I have done a lot of software development using PHP, and I'll probably do
a lot more. This page lists things I don't like about PHP, and also some
scripts I use to maintain my sanity while writing PHP code.
PHP 4
- Magic quotes. Not only does the option exist, but you can't disable it on a script-by-script basis. (Workaround)
- Session contamination: Unless you reconfigure the server, every PHP session is stored in the same place, and so session data from one website can be injected into another. This can be done, even if you use set_session_name. (I have a workaround that uses HMAC-SHA1 to authenticate session data, but it won't work unless you're careful.)
- Session fixation: PHP session IDs can be chosen and then reused by malicious attackers (For a workaround, the "session contamination" workaround above might work.)
- Complete lack of safe database API. (Workaround)
- Don't ever trust anything that's suggested in the "User Contributed Notes" in the online PHP Manual. The user-contributed notes section looks like a dumping ground for everyone's shoddy, application-specific, brain-damaged code.

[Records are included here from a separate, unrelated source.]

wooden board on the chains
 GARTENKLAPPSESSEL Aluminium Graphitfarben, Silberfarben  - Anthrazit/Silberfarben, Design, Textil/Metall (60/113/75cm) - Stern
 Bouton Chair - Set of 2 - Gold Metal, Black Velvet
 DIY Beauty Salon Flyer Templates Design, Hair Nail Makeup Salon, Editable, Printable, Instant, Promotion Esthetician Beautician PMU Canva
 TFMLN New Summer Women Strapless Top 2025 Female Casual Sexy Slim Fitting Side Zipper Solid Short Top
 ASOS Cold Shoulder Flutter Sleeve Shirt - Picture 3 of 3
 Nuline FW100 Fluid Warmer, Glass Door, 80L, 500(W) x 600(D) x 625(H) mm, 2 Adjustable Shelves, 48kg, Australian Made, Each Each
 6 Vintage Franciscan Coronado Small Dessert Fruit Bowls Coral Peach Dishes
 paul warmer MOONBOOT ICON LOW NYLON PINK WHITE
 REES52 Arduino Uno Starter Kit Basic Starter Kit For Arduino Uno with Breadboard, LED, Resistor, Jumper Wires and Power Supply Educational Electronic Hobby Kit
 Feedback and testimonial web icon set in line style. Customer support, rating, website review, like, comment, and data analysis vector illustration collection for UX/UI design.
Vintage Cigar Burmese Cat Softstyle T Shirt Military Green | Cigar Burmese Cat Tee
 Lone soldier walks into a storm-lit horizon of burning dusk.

- Don't trust the official documentation, either. Random example: The documentation for session_set_save_handler neglects to mention locking, even though the internal file-based handler does its own locking. Race conditions? What are those?
- Globals vs. superglobals. And apparently $GLOBALS can be replaced.
- The addslashes function exists, even though using it is probably always a bad idea.
- Don't use mysql_escape_string. That's wrong. Use mysql_real_escape_string. [Update: This is actually a quirk of the MySQL C API.]
- register_globals exists. Luckily, most people disable it these days.
- register_globals can't be disabled from within a script. Good luck trying to write PHP code that is portable to a wide variety of system configurations.
- You can't refer to &$this in an object's constructor and expect it to work. Of course, PHP doesn't give you any indication that something's wrong. (Apparently, this is fixed in PHP 5.)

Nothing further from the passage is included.